Ils sortirent tous trois dans le hall où se trouvait Jack.

L’auto de Mr Beardmore reconduisit Mr Marl à la gare.

Dès lors les faits et gestes de l’homme d’affaires eussent été assez curieux à observer. Il fit enregistrer son sac pour la ville et il monta dans le train, mais il descendit à la station suivante.

Ensuite, pour un homme qui n’aime pas les exercices physiques et qui s’essouffle à la moindre montée, il déploya un véritable courage, faisant à pied les quinze kilomètres qui le séparaient alors de la villa de Mr Beardmore.

Il faisait presque nuit lorsqu’il arriva dans les bois privés qui touchent au parc. Il s’assit sur l’herbe et attendit patiemment que l’obscurité fût complète.

Durant cette attente il ne se lassa pas d’examiner avec un soin jaloux le lourd browning extrait de son sac au moment de prendre son train.

5

UNE JEUNE FILLE DANS LES BOIS

– Je me demande pourquoi ce bonhomme n’est pas revenu ce matin, dit James Beardmore avec agacement.

– Qui donc ? demanda Jack.

– Marl.

– L’homme d’affaires qui est venu hier ? interrogea le détective Yale.

Les trois hommes se trouvaient sur la terrasse de la villa et, de ce point élevé, la vue s’étendait fort loin. Le train du matin était arrivé et était reparti. On en apercevait encore les volutes de fumée à une dizaine de kilomètres au pied des collines.

– Oui, répondit Mr Beardmore. Il me faudra téléphoner à Froyant et lui dire de ne pas se déranger.

Mr Beardmore se frotta le menton d’un air songeur.

– Marl m’intrigue, poursuivit-il. Ce n’est pas un incapable quoiqu’il ait fait de la prison autrefois… Il est redevenu honnête, je le crois… Mais qu’est-ce qui lui a pris hier ? Il est arrivé pâle comme la mort, et tremblant de tous ses membres…

– Je suppose qu’il a eu quelque crise cardiaque, répondit Jack… Je crois qu’il a marmotté quelque chose sur le mauvais état de son cœur…

Beardmore sourit, rentra dans le hall et en ressortit une canne à la main.

– Je vais faire une petite promenade, dit-il… Non, inutile de m’accompagner… J’ai à réfléchir… et je vous promets, Yale, de ne pas sortir de la propriété… Quoique je n’attache guère d’importance aux menaces de brigands.

Yale secoua la tête.

– Pourtant, ce cercle rouge sur le tronc d’arbre, hier… dit-il.

Mr Beardmore eut un geste de mépris.

– Il en faudra plus que ça pour m’extorquer cent mille livres.

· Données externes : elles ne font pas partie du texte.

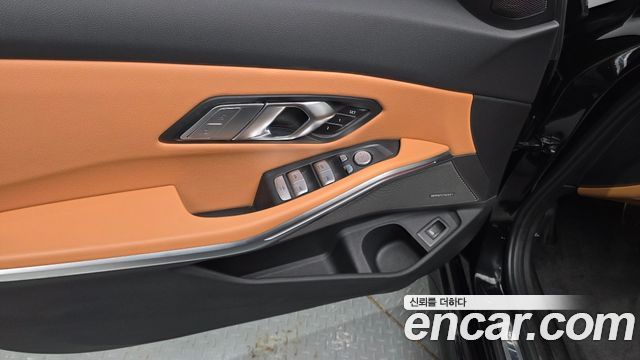 BMW 3-Series 2024 — photo 31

Il fit un signe d’adieu, descendit les degrés de pierre de la terrasse et se dirigea vers le parc. Son fils et le détective le suivaient des yeux.

– À votre avis, mon père court-il vraiment quelque danger ? interrogea Jack.

Yale continua un instant à considérer le promeneur qui s’éloignait, puis se retourna.

– Du danger ! dit-il.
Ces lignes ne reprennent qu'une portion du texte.